**WHAT THIS TASK INVOLVES**
Everything in the data should be repeated exactly, save for the images.

**INFORMATION SHOWN**

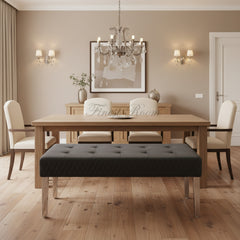 Majestic Benches- Pink, HQ Silver, Black, Mink, Navy, Dark Grey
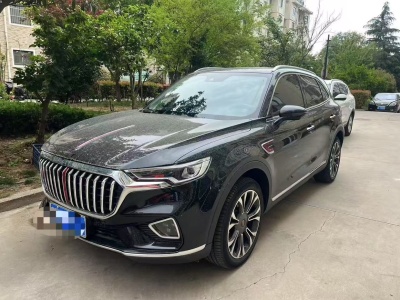 2020年7月 紅旗 紅旗HS5 2.0T 智聯(lián)旗享四驅(qū)版圖片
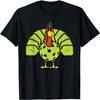Thanksgiving Turkey Pickleball Pickle Ball Men Women Kids T-Shirt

**COMPLETED EXERCISE**
 Majestic Benches- Pink, HQ Silver, Black, Mink, Navy, Dark Grey
 2020年7月 紅旗 紅旗HS5 2.0T 智聯(lián)旗享四驅(qū)版圖片
Thanksgiving Turkey Pickleball Pickle Ball Men Women Kids T-Shirt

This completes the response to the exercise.